On Wed, Aug 10, 2016 at 6:10 PM, Steve Dower steve.dower@python.org wrote:
Similarly, locale.getpreferredencoding() on Windows returns a legacy value - the user's active code page - which should generally not be used for any reason. The one exception is as a default encoding for opening files when no other information is available (e.g. a Unicode BOM or explicit encoding argument). BOMs are very common on Windows, since the default assumption is nearly always a bad idea.
The CRT doesn't allow UTF-8 as a locale encoding because Windows itself doesn't allow this. So locale.getpreferredencoding() can't change, but in practice it can be ignored.
Speaking of locale, Windows Python should call setlocale(LC_CTYPE, "") in pylifecycle.c in order to work around an inconsistency between LC_TIME and LC_CTYPE in the the default "C" locale. The former is ANSI while the latter is effectively Latin-1, which leads to mojibake in time.tzname and elsewhere. Calling setlocale(LC_CTYPE, "") is already done on most Unix systems, so this would actually improve cross-platform consistency.
Finally, the encoding of stdin, stdout and stderr are currently (correctly) inferred from the encoding of the console window that Python is attached to. However, this is typically a codepage that is different from the system codepage (i.e. it's not mbcs) and is almost certainly not Unicode. If users are starting Python from a console, they can use "chcp 65001" first to switch to UTF-8, and then *most* functionality works (input() has some issues, but those can be fixed with a slight rewrite and possibly breaking readline hooks).

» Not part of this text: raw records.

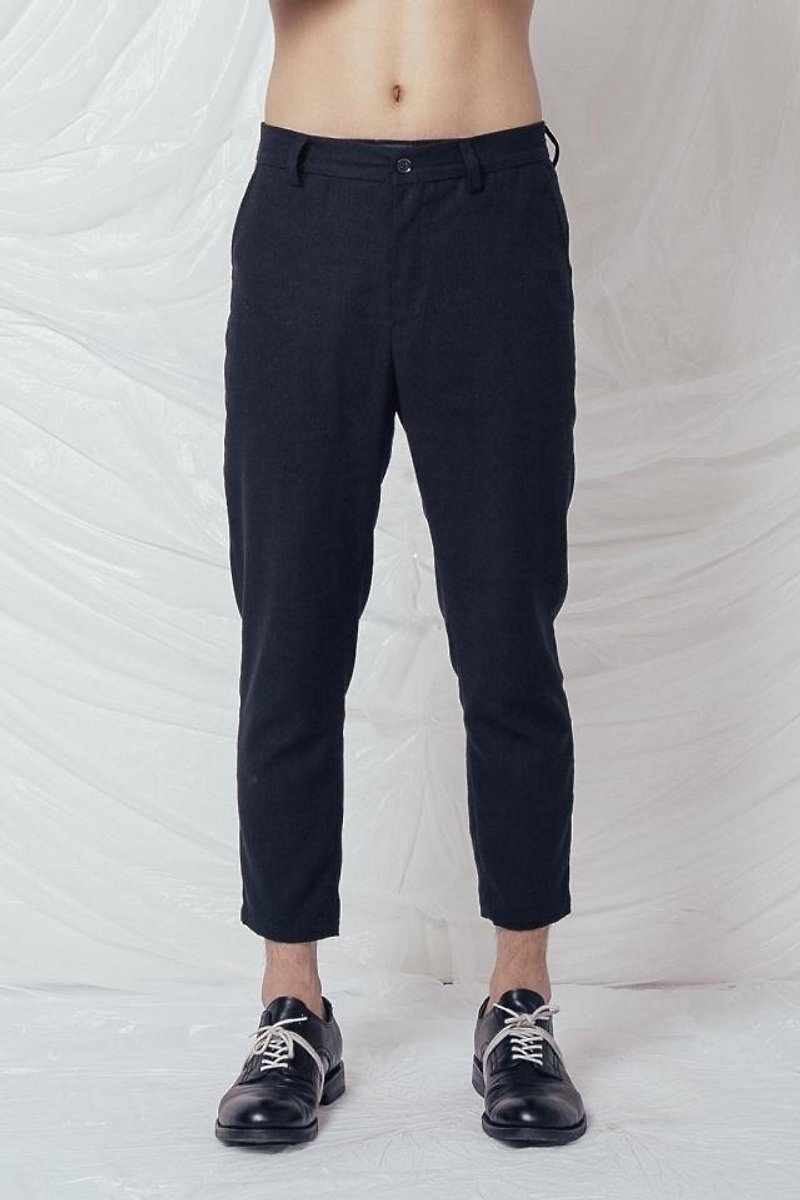 デザイナーメンズ綿リネン倫9つのパンツ低い股のズボンの足カジュアルパンツ日本のレトロなスタイルのカスタムモデル - パンツ メンズ - コットン・麻 ブラック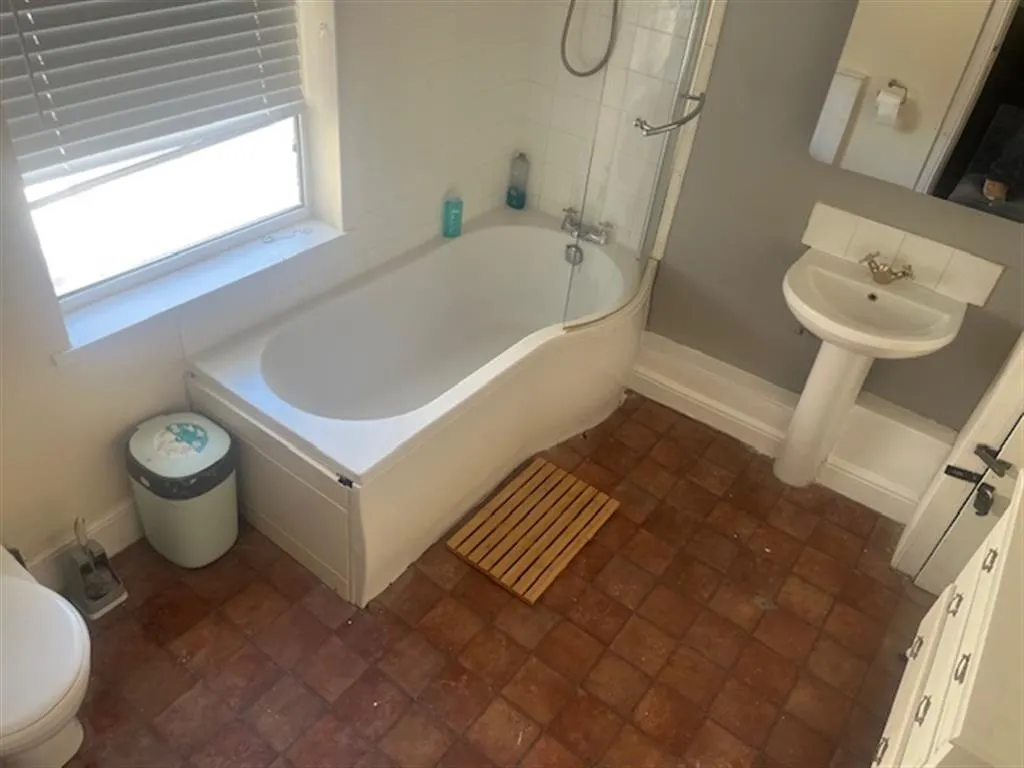5 bed Terraced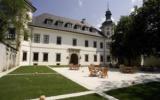 Hotel Steiermark Parkplatz: Schloss Röthelstein In Admont Mit 31 Zimmern, ...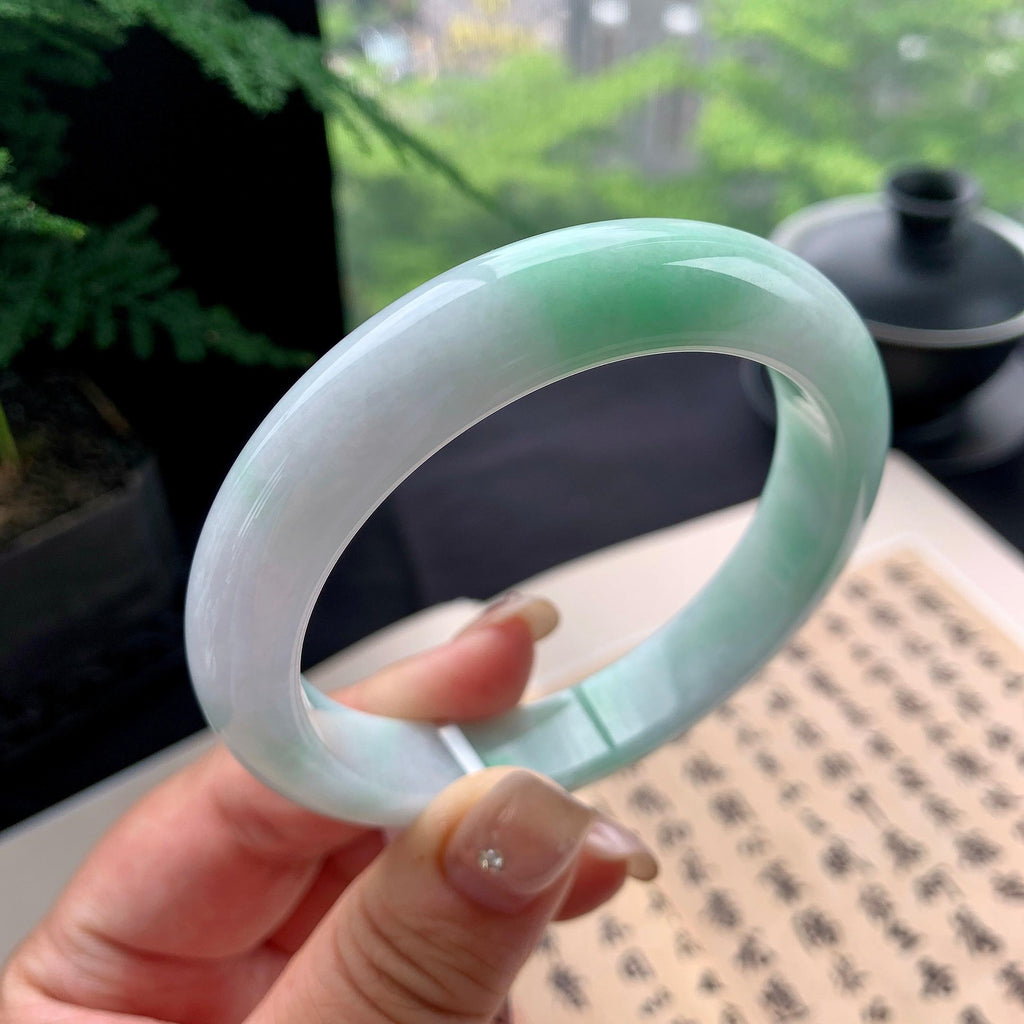大圈口 细糯种晴底飘绿正圈平安镯 60圈口 天然缅甸A货翡翠（yc473056）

Using codepage 65001 for output is broken prior to Windows 8 because WriteFile/WriteConsoleA returns (as an output parameter) the number of decoded UTF-16 codepoints instead of the number of bytes written, which makes a buffered writer repeatedly write garbage at the end of each write in proportion to the number of non-ASCII characters. This can be worked around by decoding to get the UTF-16 size before each write, or by just blindly assuming that a console write always succeeds in writing the entire buffer. In this case the console should be detected by GetConsoleMode(). isatty() isn't right for this since it's true for all character devices, which includes NUL among others.
Codepage 65001 is broken for non-ASCII input (via ReadFile/ReadConsoleA) in all versions of Windows that I've tested, including Windows 10. By attaching a debugger to conhost.exe you can see how it fails in WideCharToMultiByte because it assumes one byte per character. If you try to read 10 bytes, it assumes you're trying to read 10 UTF-16 'characters' into a 10 byte buffer, which fails for UTF-8 when even a single non-ASCII character is read. The ReadFile/ReadConsoleA call returns that it successfully read 0 bytes, which is interpreted as EOF. This cannot be worked around. The only way to read the full range of Unicode from the console is via the wide-character APIs ReadConsoleW and ReadConsoleInputW.
IMO, Python needs a C implementation of the win_unicode_console module, using the wide-character APIs ReadConsoleW and WriteConsoleW. Note that this sets sys.std*.encoding as UTF-8 and transcodes, so Python code never has to work directly with UTF-16 encoded text.